■ **Task instructions**
Find the line that contains "Topstar Speed Chair"; then retype it and each line after it, exactly, through the final line of the data below.

(Records from a data source)
= = = = = = =
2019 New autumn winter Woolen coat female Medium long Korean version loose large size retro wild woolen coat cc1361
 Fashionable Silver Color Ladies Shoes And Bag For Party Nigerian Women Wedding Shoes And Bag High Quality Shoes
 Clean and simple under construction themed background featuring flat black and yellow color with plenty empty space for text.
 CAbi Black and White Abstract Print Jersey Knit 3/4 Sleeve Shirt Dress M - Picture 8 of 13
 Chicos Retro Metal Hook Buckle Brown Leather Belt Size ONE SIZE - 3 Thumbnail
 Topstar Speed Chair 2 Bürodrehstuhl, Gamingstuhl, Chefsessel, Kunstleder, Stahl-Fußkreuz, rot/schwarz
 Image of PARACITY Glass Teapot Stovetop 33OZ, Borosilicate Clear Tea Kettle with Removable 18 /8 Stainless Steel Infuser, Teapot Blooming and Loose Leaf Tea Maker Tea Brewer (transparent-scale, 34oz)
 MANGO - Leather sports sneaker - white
= = = = = = =
■ **Task answer**
 Topstar Speed Chair 2 Bürodrehstuhl, Gamingstuhl, Chefsessel, Kunstleder, Stahl-Fußkreuz, rot/schwarz
 Image of PARACITY Glass Teapot Stovetop 33OZ, Borosilicate Clear Tea Kettle with Removable 18 /8 Stainless Steel Infuser, Teapot Blooming and Loose Leaf Tea Maker Tea Brewer (transparent-scale, 34oz)
 MANGO - Leather sports sneaker - white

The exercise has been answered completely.